INFORMATION |
============

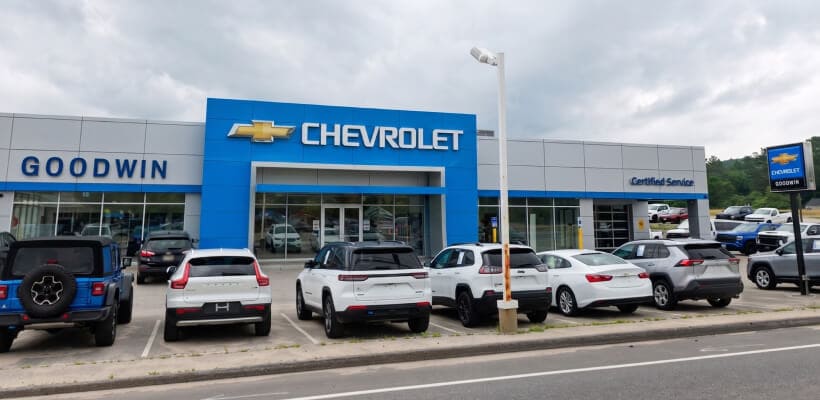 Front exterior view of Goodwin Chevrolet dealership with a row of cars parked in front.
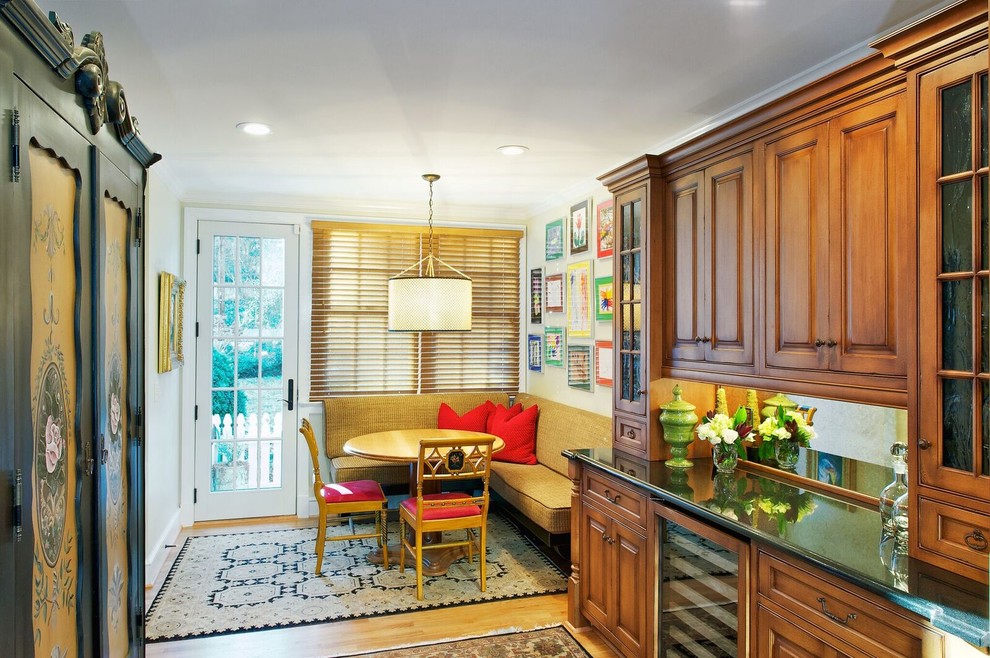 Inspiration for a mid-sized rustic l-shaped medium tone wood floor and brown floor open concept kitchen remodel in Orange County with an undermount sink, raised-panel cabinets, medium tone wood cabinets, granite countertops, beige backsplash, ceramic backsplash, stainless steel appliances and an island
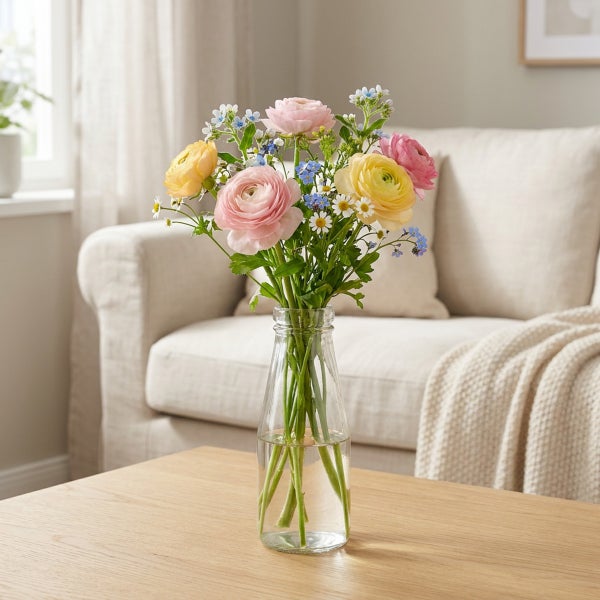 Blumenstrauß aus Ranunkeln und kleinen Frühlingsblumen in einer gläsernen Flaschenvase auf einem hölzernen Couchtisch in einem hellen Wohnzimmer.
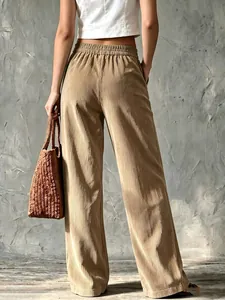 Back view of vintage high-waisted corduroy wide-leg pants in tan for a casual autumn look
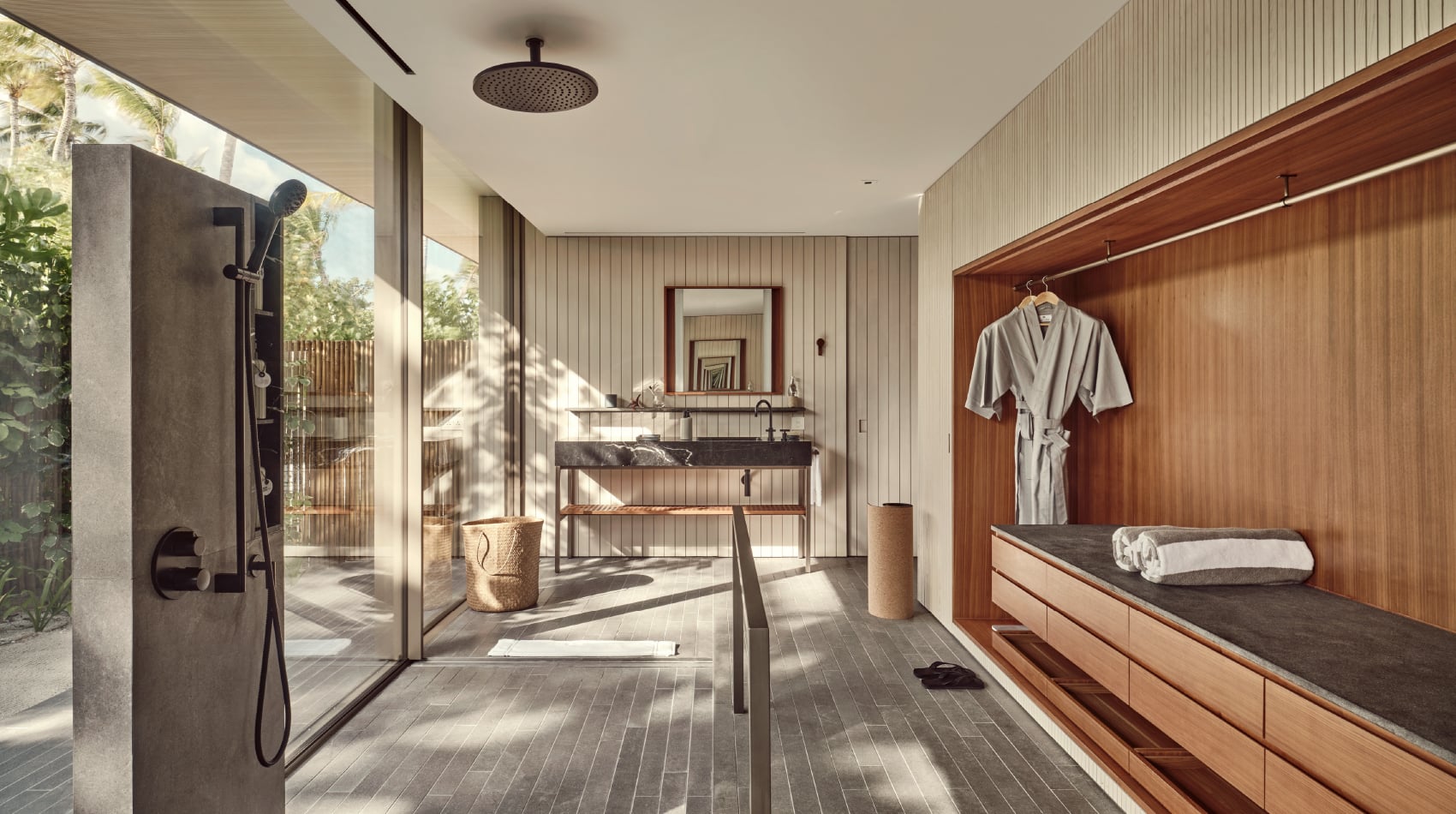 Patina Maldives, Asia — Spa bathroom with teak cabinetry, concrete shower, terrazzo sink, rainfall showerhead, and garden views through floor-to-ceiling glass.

============

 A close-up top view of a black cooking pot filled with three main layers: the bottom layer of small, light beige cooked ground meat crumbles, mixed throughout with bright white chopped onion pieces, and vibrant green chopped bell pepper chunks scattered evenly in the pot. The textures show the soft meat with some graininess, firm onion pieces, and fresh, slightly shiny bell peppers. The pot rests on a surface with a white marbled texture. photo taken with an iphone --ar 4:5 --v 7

============

EXERCISE DETAILS |
What is needed is an exact copy of the lines above from the one with "Back view of" to the one with "Patina Maldives, Asia", both ends kept, and nothing more; please leave the pictures out.

THE ANSWER |
 Back view of vintage high-waisted corduroy wide-leg pants in tan for a casual autumn look
 Patina Maldives, Asia — Spa bathroom with teak cabinetry, concrete shower, terrazzo sink, rainfall showerhead, and garden views through floor-to-ceiling glass.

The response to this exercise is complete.